This worked!
DB::connection()->disableQueryLog();
But what do you think about my code to import csv files like that way?
Not on topic but if you are the women on the picture, you are really beautiful.
eriktisme said:
Not on topic but if you are the women on the picture, you are really beautiful.
Smooth man. Really smooth. Help her or him (its irrelevent this is a coding forum not pof) with their issue and win her or his love!
merkabaphi said:
But what do you think about my code to import csv files like that way?
I prefer query builder or raw queries over eloquent while working with large data.
If it's a one off thing, you can use Sequel Pro / PHPMyAdmin (or other interface depending on what database implementation you are using) to import it into the database directly
But if not I would go with what mgsmus said, and just query the database directly
And I think you are reassigning the $product variable on each loop (array -> Eloquent)? And doing an unneccessary Product::find in the else section because it should already be found if the 'if condition' failed.
eriktisme said:
Not on topic but if you are the women on the picture, you are really beautiful.
Keep it professional, please.
Why don't you run the import as a Queue
? And if the import is just locally, you can write your own artisan command and trigger it in the console, instead of hitting the server.
2 things that will help:
Save memory by loading the csv file one row at a time instead of loading the whole thing into one big array in memory. goodby/csv would work, personally I like ddeboer/data-import.

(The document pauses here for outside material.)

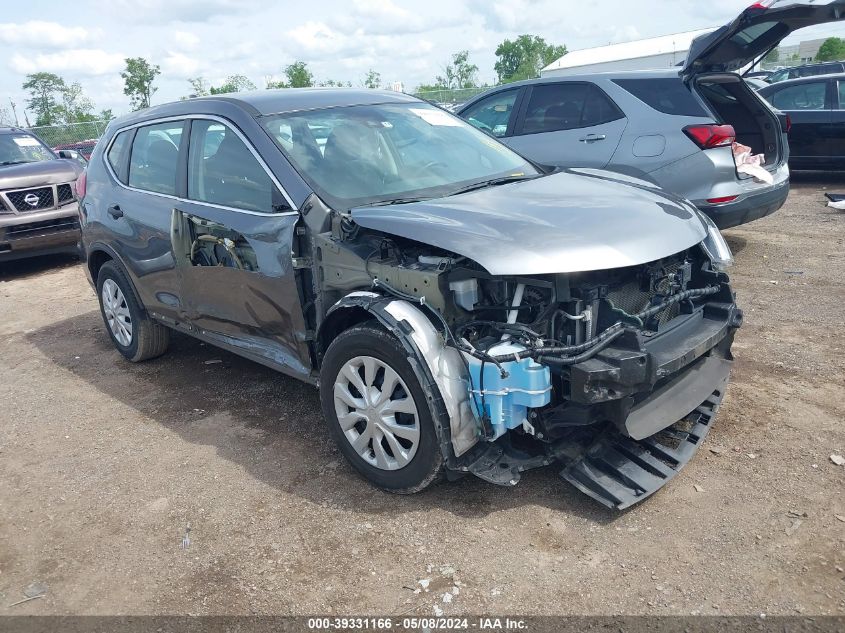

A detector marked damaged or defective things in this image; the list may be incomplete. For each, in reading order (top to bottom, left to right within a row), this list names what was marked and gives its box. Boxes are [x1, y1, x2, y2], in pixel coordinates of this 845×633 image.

crumpled hood [0, 157, 81, 189]
crumpled hood [350, 169, 704, 276]
damaged nissan rogue [77, 89, 740, 506]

Speed up the database by using prepared statements. Laravel will not help you here but it's easy enough just to use PDO for something this simple (unless your Product model is doing something complicated).
$select_stmt = DB::getPdo()->prepare('SELECT id FROM products WHERE sku = ?');
$insert_stmt = DB::getPdo()->prepare('INSERT INTO products(price, old_price) VALUES(?, ?)');
$update_stmt = DB::getPdo()->prepare('UPDATE products SET price = ?, old_price = ? WHERE id = ?');
foreach($products as $key => $product)
{
$select_stmt->execute([ $product['sku'] ]);
$id = $select_stmt->fetchColumn();
if ($id === false)
{
$insert_stmt->execute([ $product['productPrice'], $product['productOldPrice'] ]);
}
else
{
$update_stmt->execute([ $product['productPrice'], $product['productOldPrice'], $id ]);
}
}
100 times faster is to use MySQL's "LOAD DATA IN FILE" :)
merkabaphi said: It takes too long and the memory of the server gets full. Does anyone knows how to solve this? Thanks!
I believe this could be a culprit contributing to your out-of-memory issue:
$products = csvToArray('products.csv');
It appears this method is parsing the CSV file into an array. This has the effect of reading and loading the entire file, which if it is a large file, could consume too much memory and therefore cause your out of memory issue. Thus, it would be better to process each row of the file as it is being read. See the PHP doc to get an idea of how you might do that: http://php.net/fgetcsv
Good luck!
John Madson
Looks like https://github.com/goodby/csv will do this for you, which was already recommended by somebody else. I second that recommendation, as it will execute a callback on each line of the CSV file, preventing the issue I described above.
Also important thing is to use Database Transactions if the MySQL engine is Innodb. This will speed up the process a lot!.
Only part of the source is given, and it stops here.